(TASK DATA)
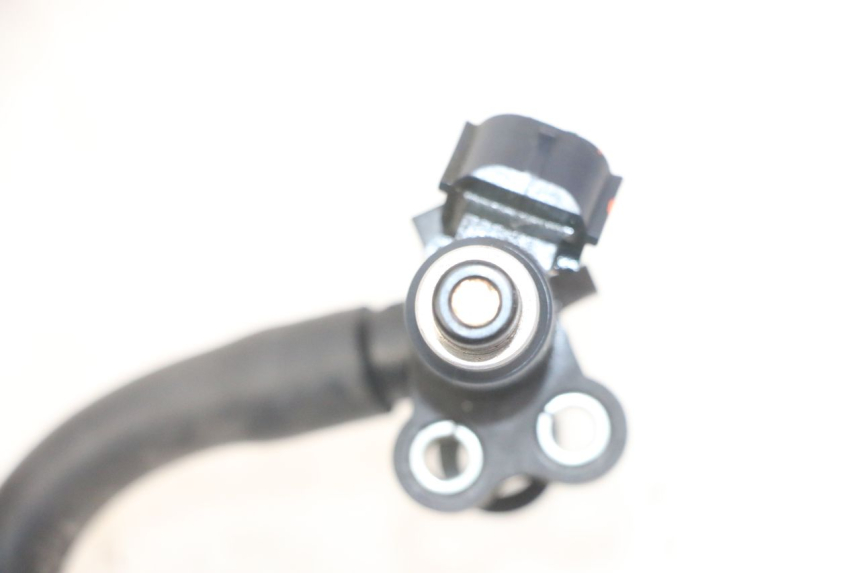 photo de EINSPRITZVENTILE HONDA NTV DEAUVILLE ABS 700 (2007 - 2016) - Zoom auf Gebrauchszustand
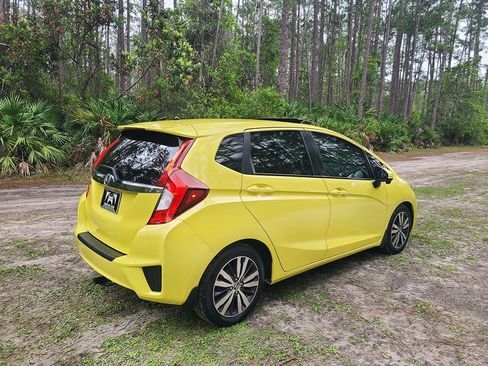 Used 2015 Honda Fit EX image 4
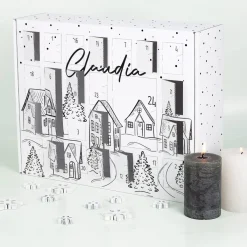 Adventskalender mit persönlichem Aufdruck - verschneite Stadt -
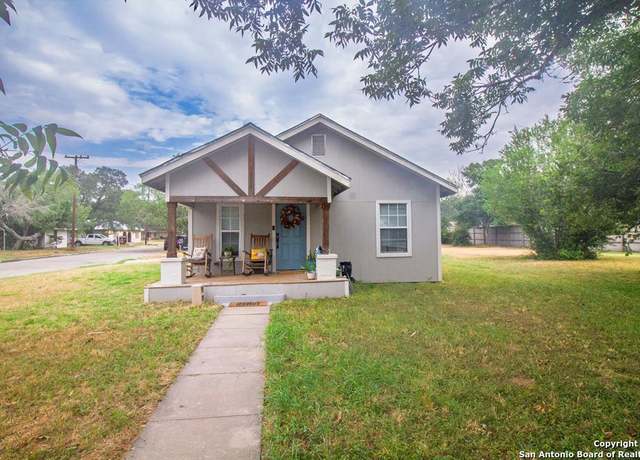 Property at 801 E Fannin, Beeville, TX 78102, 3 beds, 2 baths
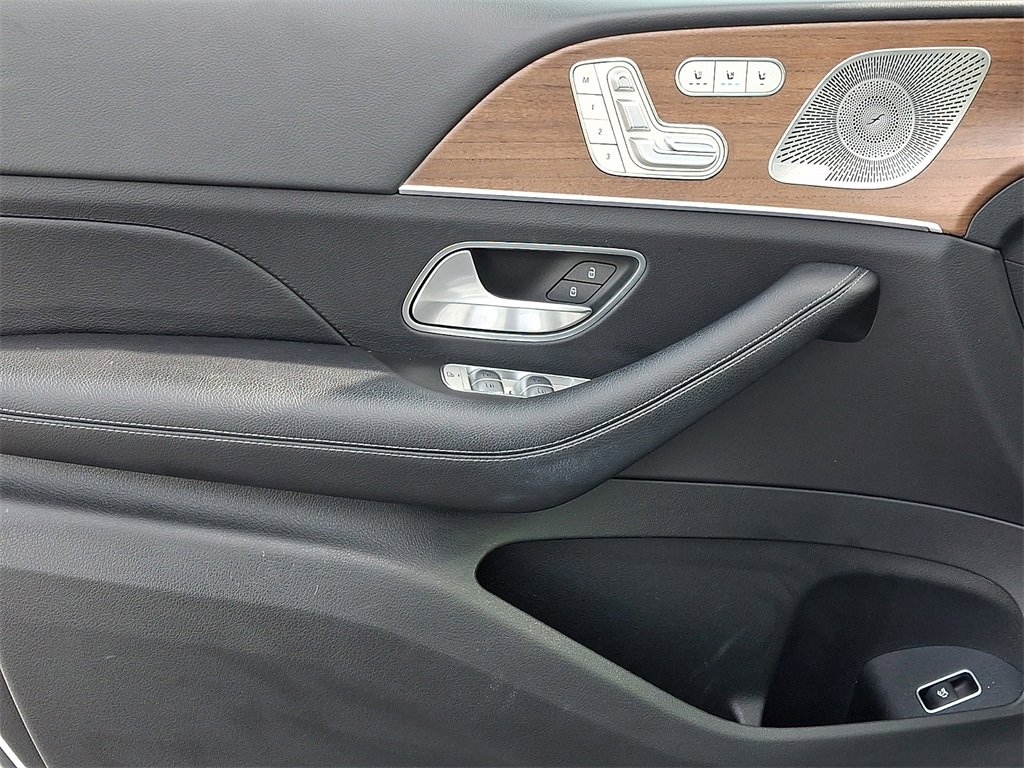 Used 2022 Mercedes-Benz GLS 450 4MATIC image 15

==

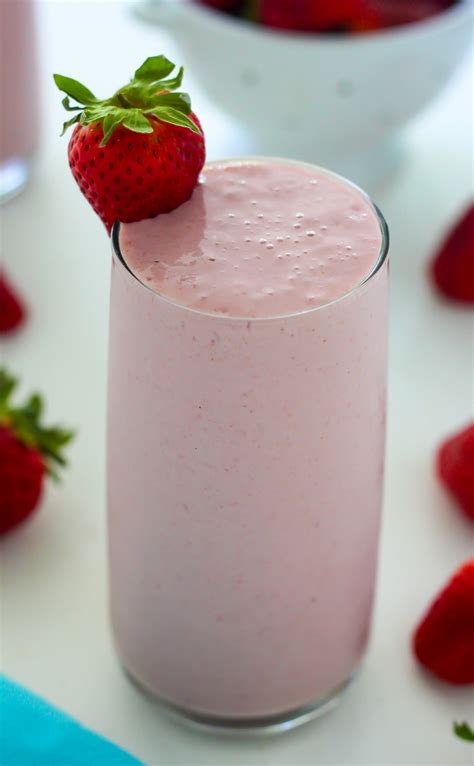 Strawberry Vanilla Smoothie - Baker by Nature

* * *

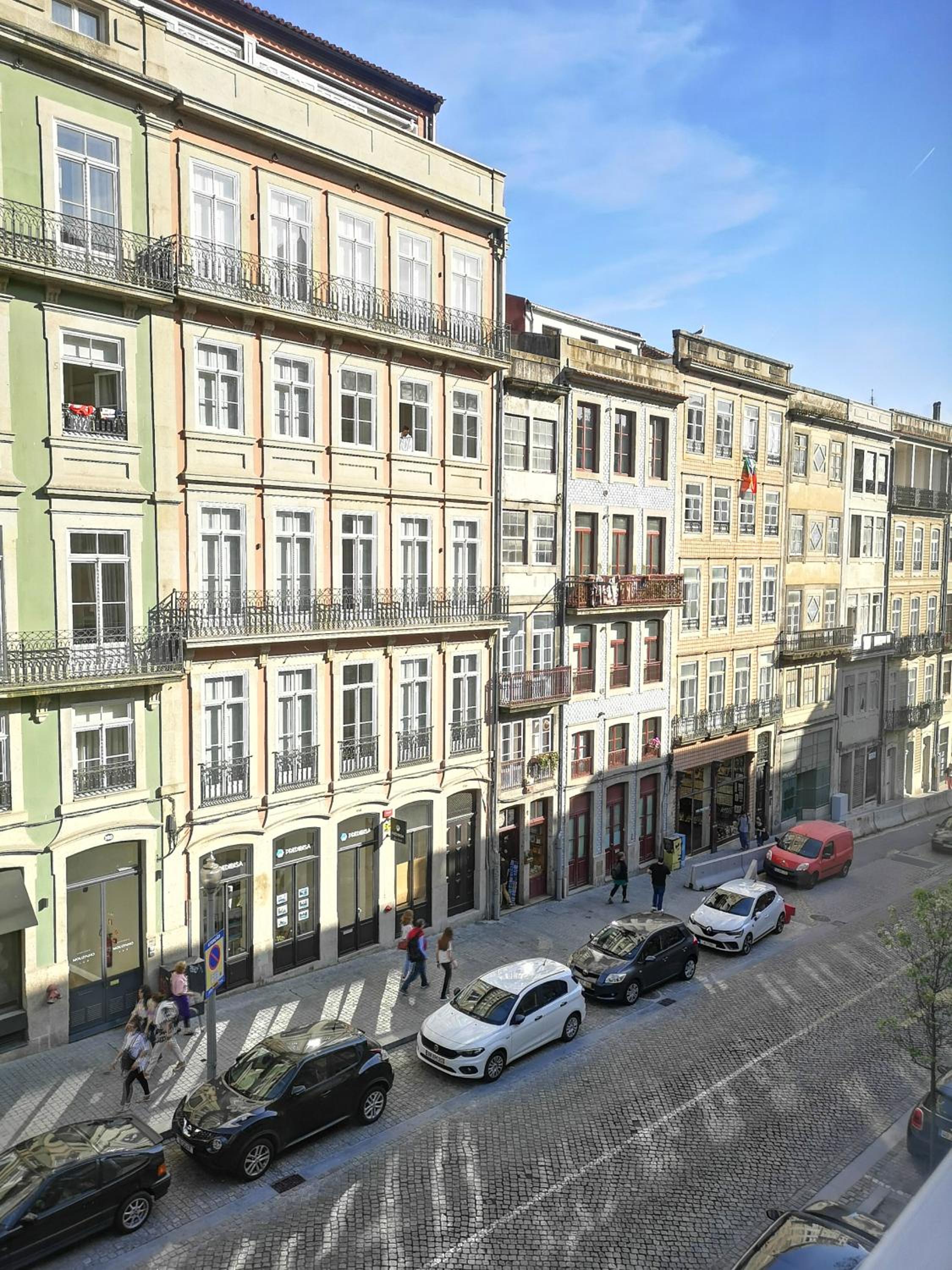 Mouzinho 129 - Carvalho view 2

(WORK INSTRUCTION) Treat the line with "photo de EINSPRITZVENTILE" as the start and the line with "Used 2022 Mercedes-Benz" as the end, and return exactly that span of the data above, both ends included, without pictures.

(SOLUTION FOR THIS TASK)
 photo de EINSPRITZVENTILE HONDA NTV DEAUVILLE ABS 700 (2007 - 2016) - Zoom auf Gebrauchszustand
 Used 2015 Honda Fit EX image 4
 Adventskalender mit persönlichem Aufdruck - verschneite Stadt -
 Property at 801 E Fannin, Beeville, TX 78102, 3 beds, 2 baths
 Used 2022 Mercedes-Benz GLS 450 4MATIC image 15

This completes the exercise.